Official: SR vs. KA vs. CA vs. RB vs. VQ vs. LSx


#1

Discuss…


#2

Ka is not necessarily easier than the SR.

alot of people think that they can do it cheaper and end up with the same or similar power as the SR. all of these people are on at least their second engine…lol… some even more.

that is not to say that the KA-T cant be done and done well, but in order to do it you better friggin believe that it will be every bit as expensive as the SR.

they are essentially equivalent

CA is poo, budget turbo set up, if you want big power start with one of the other engines.

RB is $$$, budget $9000 just to get it in and running. pro’s are obvious

VQ / VG meh, not enough info or experience with them in 240’s to discuss.


#3

Guess I’ll be the 1st to actually post something useful

CA18DET

Displacement - 1809cc
Bore - 83mm
Stroke - 83.6mm
Compression - 9.5:1(DE) 8.5:1(DET)
Horsepower - 135 HP @6400RPM(DE) 175 HP @6400RPM(DET)
Torque - 115 ft/lbs @5200(DE) 166 ft/lbs @4000(DET)

SR20DET

S13 (including both red and black top SRs for the 180sx)

Displacement: 1998cc (2.0 liter) DOHC 16 valve
Bore and stroke: 86mm x 86mm
Compression: 8.5 : 1
Horsepower: 205hp at 6000rpm
Torque: 203 ft/lbs at 4000rpm
Stock boost: 7 psi
Throttle body bore: 60mm
Injector size: 370cc/min
Turbo: T25
High Port Head

S14 changes:

Horsepower: 220hp at 6000rpm
Torque: 203 ft/lbs at 4800rpm
Turbo: T28
Low Port Head

S15 changes:

Horsepower: 250hp at 6000rpm
Transmission: 6 Speed, Close Ratio
Injector size: 480cc/min
Turbo: Upgraded T28

1989-1990 Nissan 240SX

Engine: KA24E - Single Over Head Cam
Displacement: 2.4L
Body Style: Hatchback/Coupe
Weight: 2684lbs

Horsepower: 140hp @ 5,600rpm or approximately 126whp (wheel horsepower) @ 5,600rpm
Torque: 152 ft-lbs @ 4,400 or approximately 146 ft-lbs wtq (wheel torque) @ 4,400rpm

Compression: 8.5:1 or 9.1:1
Cylinder Compression:
Standard: 192
Minimum: 142

1991-1998 Nissan 240SX

Engine: KA24DE - Dual Over Head Cam
Displacement: 2.4L
Body Style: Hatchback (S13 only)/Coupe

Horsepower: 155hp @ 5600rpm or 140whp (wheel horsepower) @ 5600rpm
Torque: 160 ft-lbs @ 4400rpm or 154 ft-lbs wtq @ 4400rpm.

Compression: 9.5:1
Compression:
Standard: 180
Minimum: 150

RB20DET

No. and arrangement of cylinders = 6, in-line, vertical
Combustion chamber type = Hemi-spherical
Valve arrangement = Overhead valve type
Camshaft arrangement = Double Overhead Camshaft
Total displacement cc = 1998cc
Bore x Stroke mm = 78.0 x 69.7
Compression = 8.5:1
Bhp = 214bhp at 6600rpm at flywheel
transmission loss = 38bhp
torque = 185 lb/ft


#4

RB Info

1. RB20DET

This motor is a common choice among RB enthusiets. It pretty cheap (cheapest of the RB’s). prices can range anywhere from about 1500(motorset) to about 2500(clip) it depends on where you get it from. its got good potential and its reliable(as are all the RB engiens). Its a 2.0L straight 6 single turbo.
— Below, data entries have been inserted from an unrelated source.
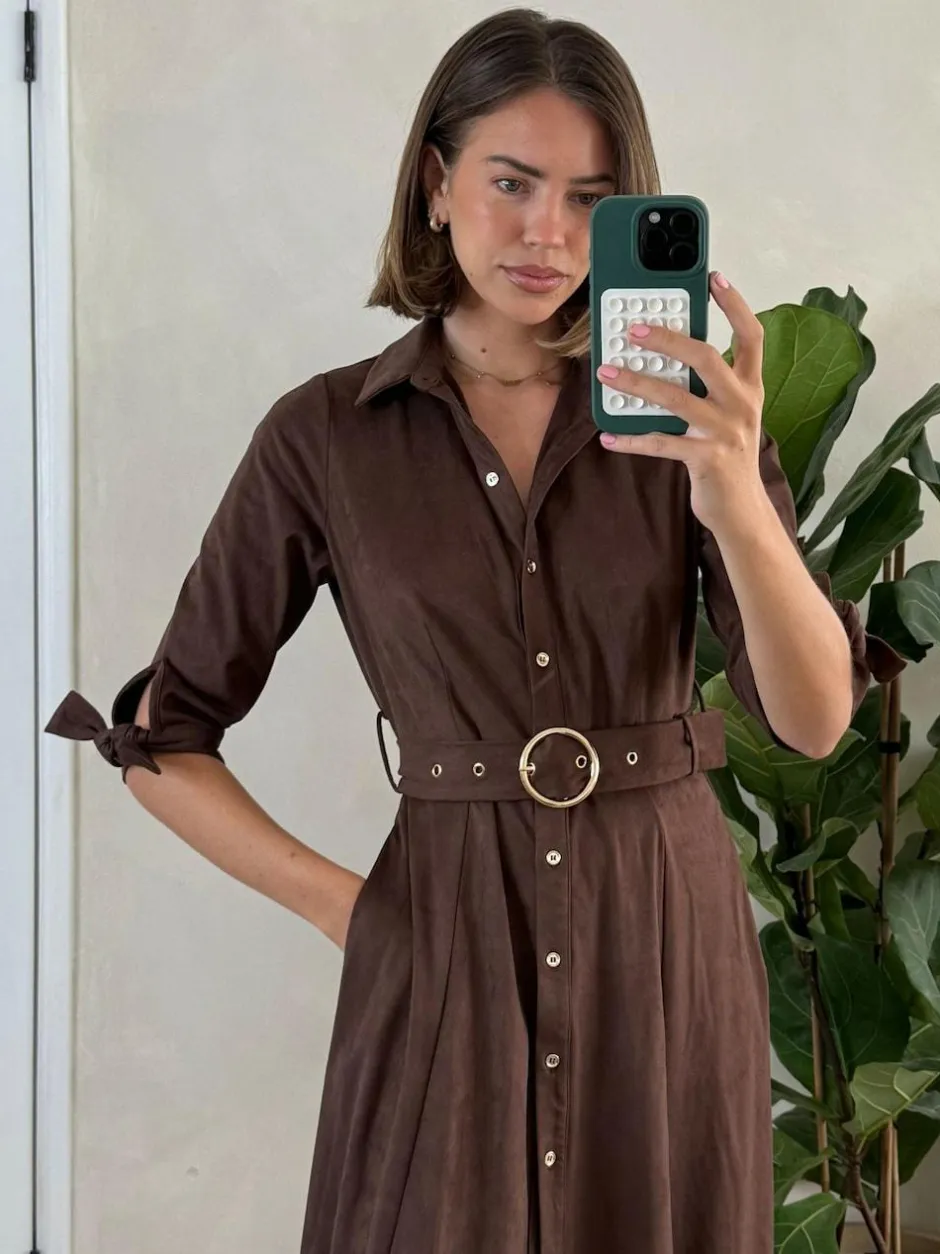 Style Cheat Brown Suedette Daphne Belted Dress Clearance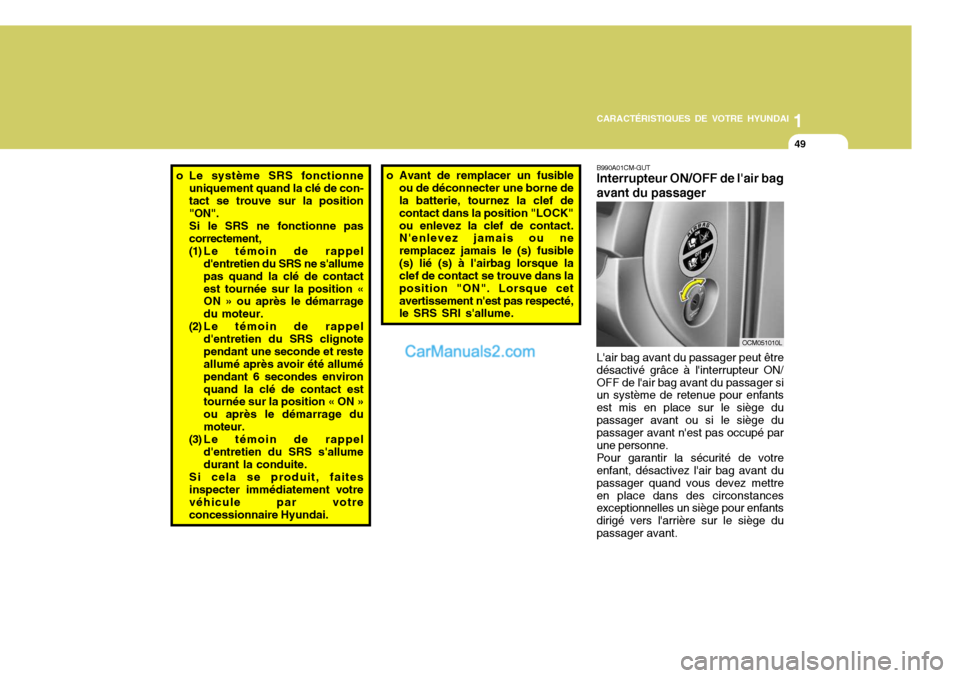 Hyundai Santa Fe 2006 Manuel du propriétaire (in French) 1
CARACTÉRISTIQUES DE VOTRE HYUNDAI
49
o Le système SRS fonctionne
uniquement quand la clé de con- tact se trouve sur la position "ON".Si le SRS ne fonctionne pascorrectement,
(1) Le témoin de ra Hyundai Santa Fe 2006 Manuel du propriétaire (in French) 1
CARACTÉRISTIQUES DE VOTRE HYUNDAI
49
o Le système SRS fonctionne
uniquement quand la clé de con- tact se trouve sur la position "ON".Si le SRS ne fonctionne pascorrectement,
(1) Le témoin de ra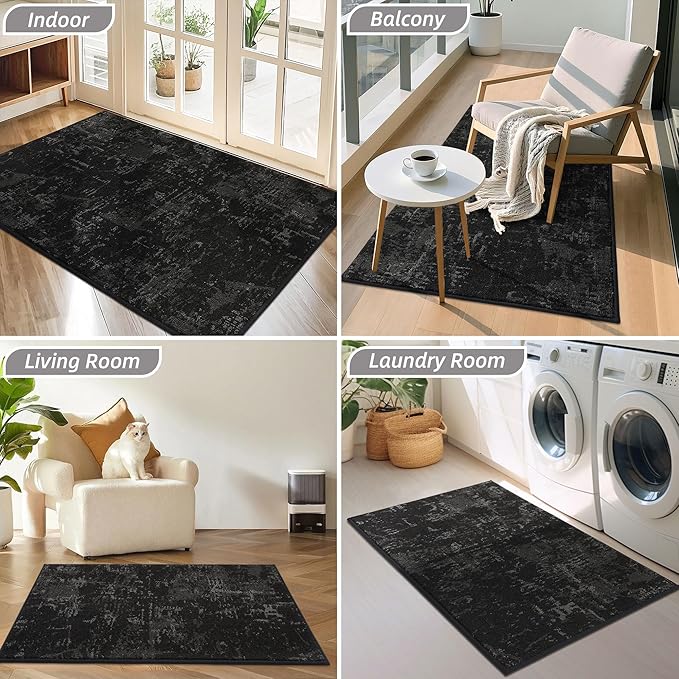 BEQHAUSE Dirt Trapper Door Mat 24"x36" Non-Slip Door Mats Washable Entryway Rugs Stain Resistant Doormat Absorbent Welcome Floor Mat for Front Back Door, Muddy Wet Shoes & Paws,Black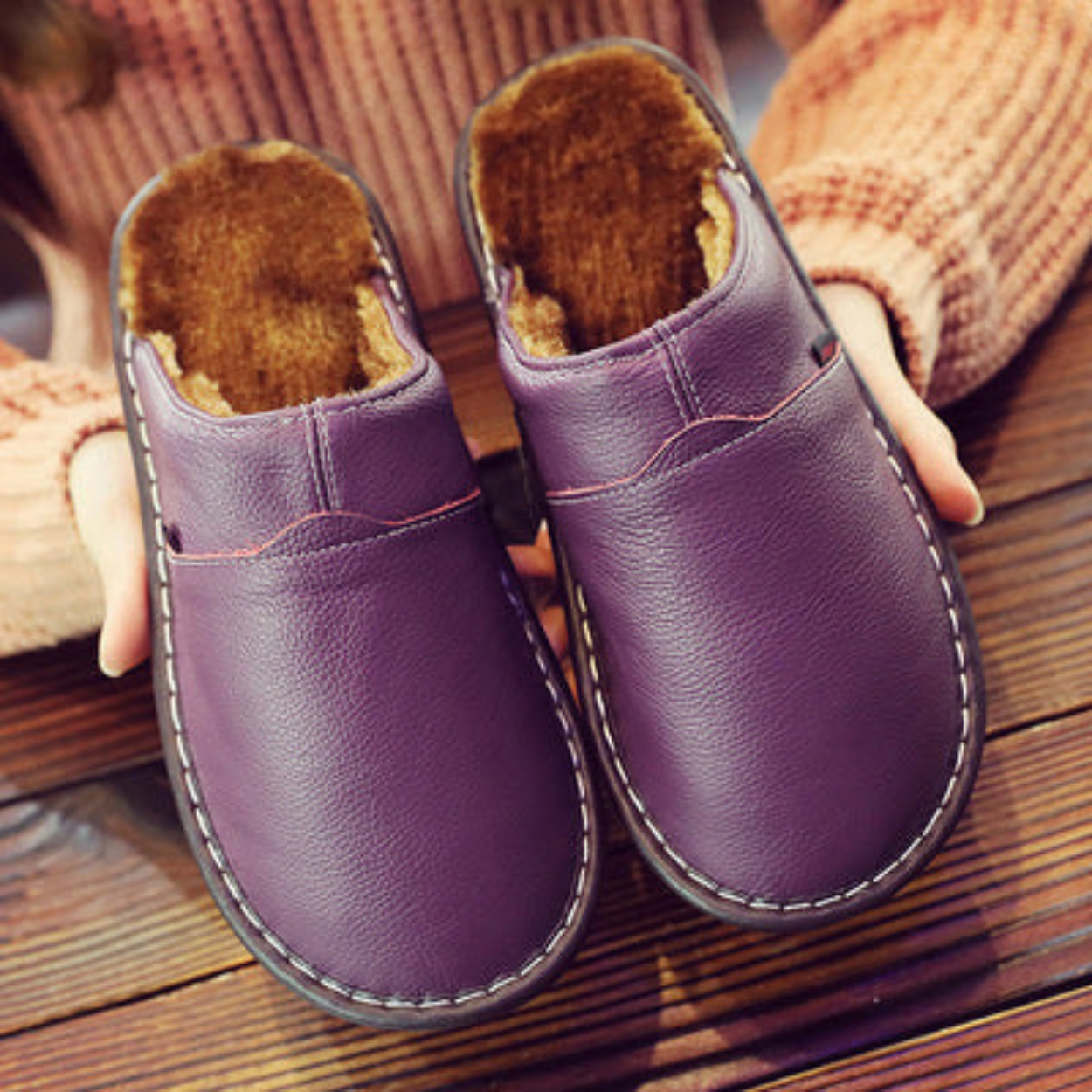 Pantoufles en cuir imperméable pour hommes | Confort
RB20 specific site: www.rb20det.com

misc info:
Speed sensor will interchange with the stock KA24 sensor and your speedometer will be accurate.

You do not need custom mounts or driveshaft, the KA driveshaft and R32 crossmember work fine.
Tach can be calibrated to be correct, and the entire KA gauge cluster can be made to work.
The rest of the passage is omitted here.